不屈の男・大野均は終わらない (3ページ目)

  • 向風見也●文 text y Mukai Fumiya
  • photo by Nagao Aki/AFLO

 2011年のW杯ニュージーランド大会は、出番が限られるなかフランス大会と同じく3敗1分で終えた。大野の立場が再び好転したのは、エディー・ジョーンズHCが就任した2012年からだ。

「おそらく次のイングランド大会(2015年)で大野はプレーしていませんが、今の日本代表には必要です」

 ジョーンズHCのインタビューに掲載されていたこんな内容の言葉を人づてに聞き、大野は即答した。

「いい意味で期待を裏切りたい」

 ひとつひとつの練習に全力で挑むという姿勢を大野は貫き、次第にジョーンズHCから信頼を得ていった。

 2015年の宮崎合宿では、手の甲骨折しながらも「それを理由に練習を休んで、メンバーに入れなかったら悔いが残る」と、痛みをこらえて黙々と練習に打ち込んだ。

 そしてこの年の秋、大野は期待を裏切りW杯イングランド大会のメンバーに選出された。

 過去2回の優勝を誇る南アフリカ戦で先発し、歴史的な白星を挙げる。
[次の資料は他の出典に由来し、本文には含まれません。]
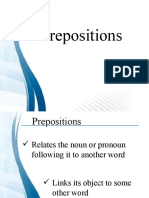 4 - Preposition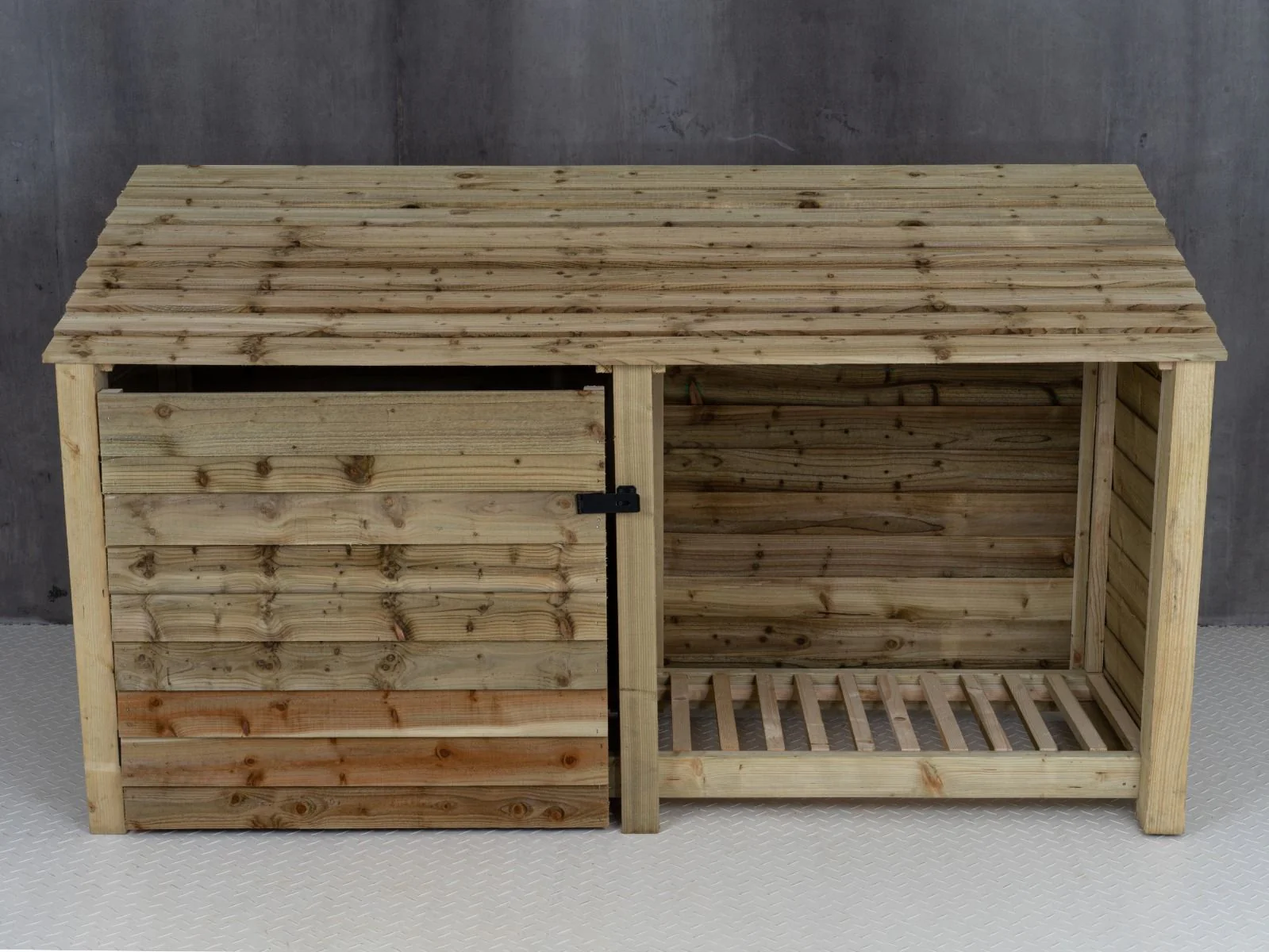 Wooden Garden Tool Storage W-227cm, H-126cm or 180cm, D-88cm - Image 5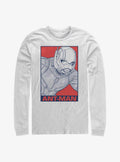 Ant-Man Retro Comic Long-Sleeve T-Shirt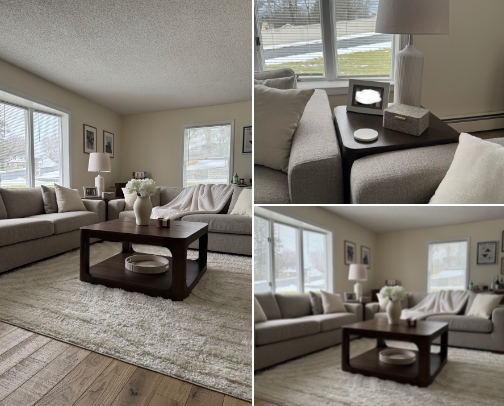Living Room Decor cover photo collage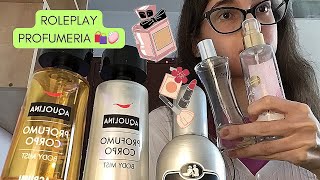 ROLEPLAY PROFUMERIA ASMR ITA💗 [upl. by Ainosal846]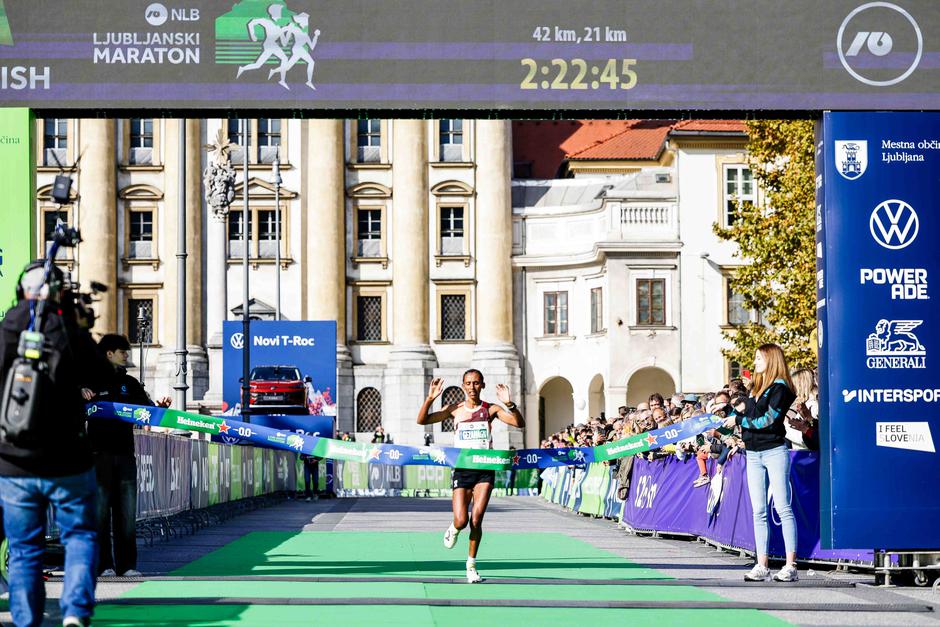ljubljanski maraton 2025 | Avtor: Saša Despot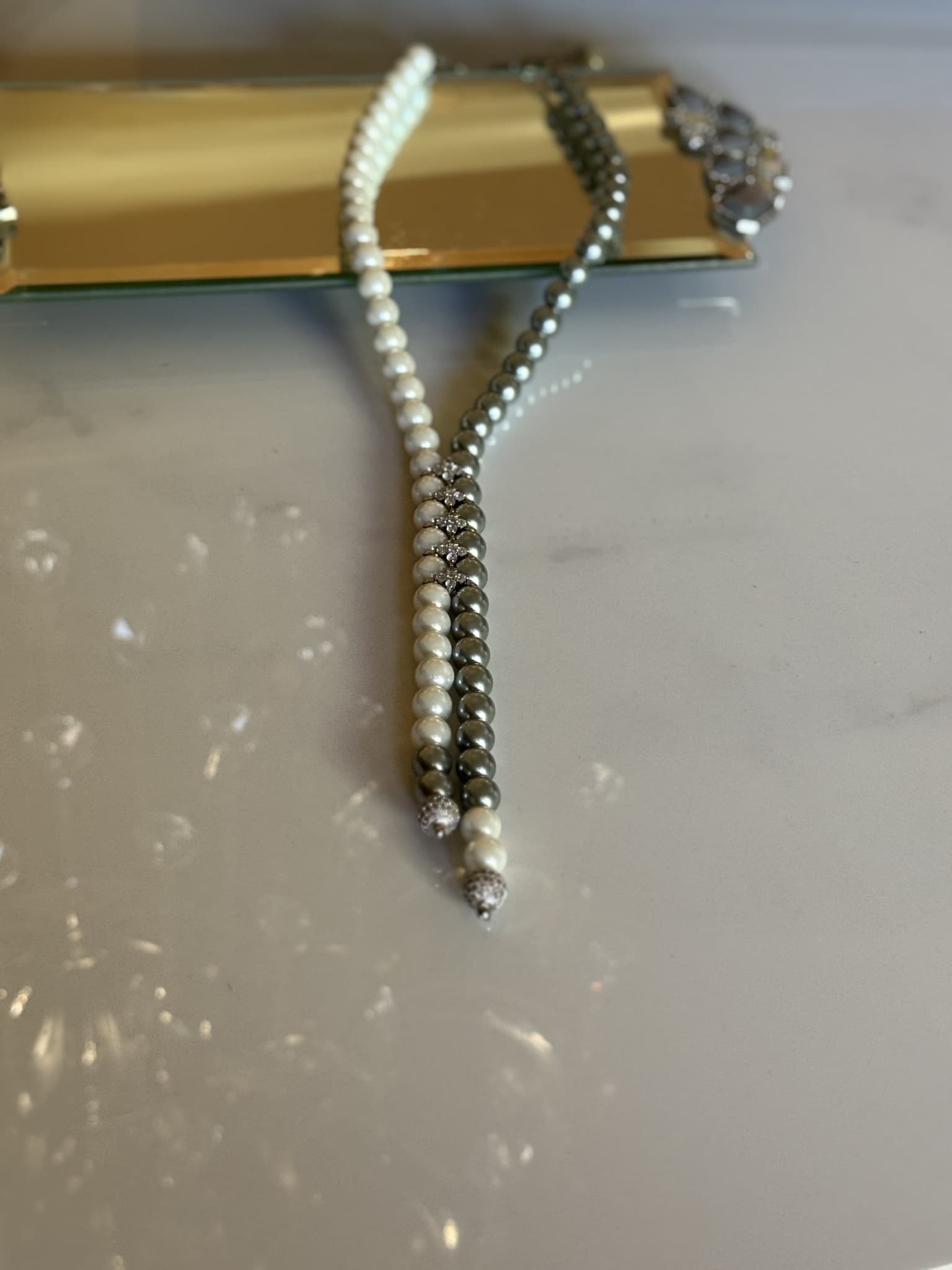 Classic Pearl Strand Necklace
続くサモア戦では、前半終了間際に大腿部の肉離れを起こすも、足を引きずったまま駆け回った。

「筋肉がバチッといった瞬間、『あぁ、これで自分のワールドカップは終わったな』と。でも、まだプレーは続いていて、すぐに交代できる流れではなかった。自分は、逆にラッキーと思いました。この試合で悪化してもいいから、最後まで走り続けようと攻撃に参加したら......」

 大野が踏ん張って守ったボールを、最後は山田章仁が受け取り、体を回転させながらゴールラインへと飛び込んだ。のちに"忍者トライ"と称賛されたこのプレーは、大野の生き様を示すかのような動きから生まれた。そしてこのプレーのあと、大野は退いた。